One's efforts to know more about how a student thinks and learns has been hindered by the fact that we cannot witness what goes on the brain during the thinking process. With the advent of technologies for direct observation of brain function, the brain is slowly giving up its secrets and the ramifications for educators is significant:
Students who learn from flash cards will learn better if the card is round. A circle is the most recognizable shape. Circular cards allow students to better focus because the round shape is less distracting than squares or rectangles (Barron, 2000).
Movement is the only experience that unites all brain levels and integrates the right and left hemispheres. Movement increases heart rate and circulation. It provides students with a spatial reference in the classroom, which improves memory. Movement promotes the release of noradrenaline and dopamine. This energizes keep students alert and enhance attention (Barron, 2000; Jensen, 1998).
Thematic instruction improves learning by helping students to identify patterns and build on prior knowledge. Integrating curriculum areas such as the study of rain forests by combining mathematics, music, biology, and geography into a unit helps students learn more effectively than teaching each of the above subjects in isolation (Wagmeister & Shiffrin, 2000).
* Teach abstract ideas by connecting concepts to students' personal experiences. This helps students link new information into pre-existing neural patterns. For instance, a teacher introduced a lesson on ratios by having students make juice from cans of concentrate (Westmaster & Wolfe, 2000). * Analogies, similes and metaphors enhance learning by linking abstract concepts and visualizations. For instance, the terms million, billion and trillion have no referent in direct experience. Creating visual analogies makes the numbers comprehensible. For example, a four-inch stack of tightly bound $ 1,000 dollar bills would equal a million dollars. A stack that was a city block long would equal $ 1 billion (Westwater & Wolfe, 2000). * The brain is not wired for long attention span. Attention is focused in short bursts. Initially, attention lasts for about 18 seconds. The optimum sustained attention span is roughly equivalent in minutes to the age of these students. A first grader attention span is 6 minutes, sixth grader is 12 minutes, and high school seniors 17 minutes. Individual lessons should include a variety of components to help students maintain attention. For example, teachers presentation could be followed by student discussion, seat work, group project, and feedback (Jensen, 1998).
Emotions and Learning.
Within the past 5 years scientists have learned more about the brain than in the previous 100 years. Gradually the fields of neuroscience and education are finding common ground. One of the major insights is recent revelations about how emotions affect thought and learning. These findings are particularly relevant to the education of children with mild disabilities and high functioning autism. Far more neural fibers project from our brains' emotional center up into the logical/rational areas of the brain than the reverse (Sylwester, 2000). A brain that is faced with a perceived threat is likely to "downshift". This is a biological response that focuses the brain on only what is necessary for survival.
Fatigue, frequent illness, distractibility and defiance are some of the classroom behaviors observed in "downshifted" students. Students who are exposed to a steady regimen of threatening academic work develop habitual avoidance habits often characterized as "learned helplessness".
Emotions are unconscious responses spurred by chemical reactions to environmental stimuli. Cortisol, which is released by the adrenal glands, activates a defensive reaction to stress. A stressful school climate can elevate cortisol and eventually destroy hippocampus neurons that are associated with learning. Activities that put students in positive learning states include class discussion, journal writing, stretching, panel discussions, mind-mapping, reflecting, listening to music, dancing (Jensen, 1998). Endorphins are a group of peptides that regulate emotions along the pain-pleasure continuum. They increase euphoria and decrease pain. Exercise, positive social contacts, fun, camaraderie, and a joyful classroom atmosphere activate endorphins and help students tackle difficult academic tasks. Emotions play a key role in memory retention.
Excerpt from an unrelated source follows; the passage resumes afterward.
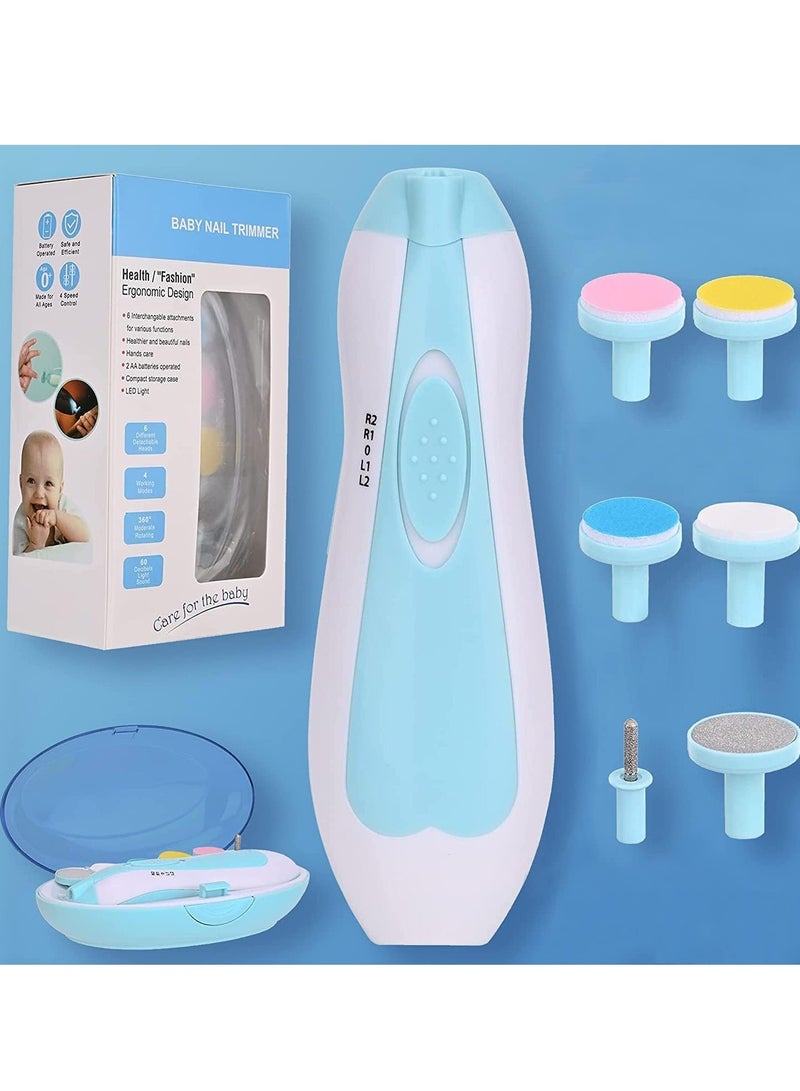 ELTRAZONE Baby Nail Clippers Baby Safe Electric Trimmer Nail File Kit for Newborn Infant Toddler Kids Toes and Fingernails - Care, Polish and Trim - 6 Grinding Heads and LED Light, Blue - Image 3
Classroom stimulations, presentations, role playing tie learning to emotional contexts, thus enhancing retention of information (Sylwester, 1994).
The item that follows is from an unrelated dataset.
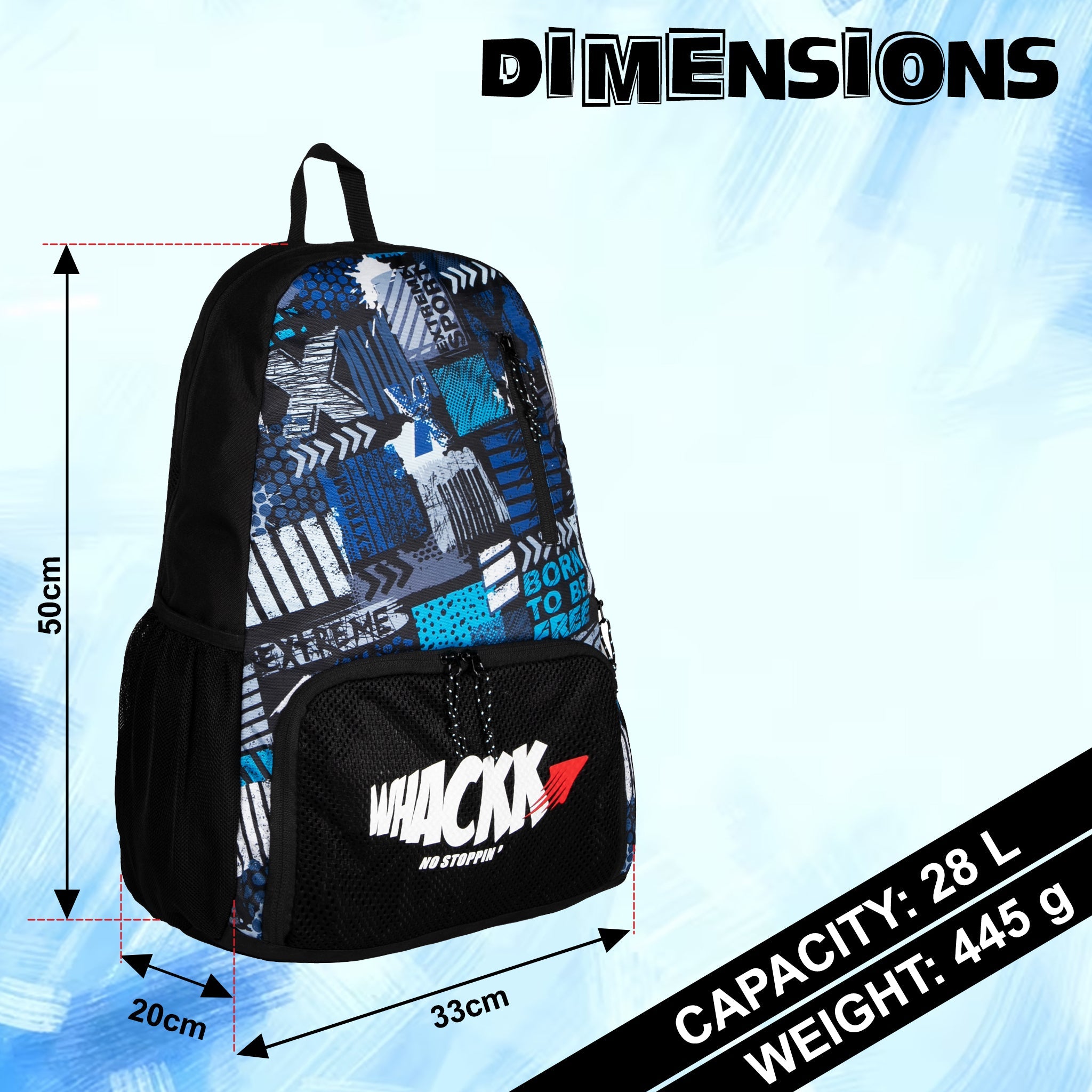 Thunderbolt 28L Blue Printed |Football Basketball Volleyball Equipment Backpack Bag|Kit Bag|Soccer Bag|Boys Kids Adult Men|Mesh Shoe or Ball Pocket|Bottle Holder| Easy Access Pocket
Unexpressed emotions inhibit learning.Students need opportunities to link their feelings to classroom content. Drama, classroom discussions, singing, writing, music and drawing help build neural connections and inhibit the release of chemicals that interfere with learning such as cortisol, adrenaline and vasopressin (D'Arcangelo, 2000). Students who are emotionally involved will learn better than students who are emotionally uninvolved from the content presented. Even mildly stressful situations support learning better than a neutral state.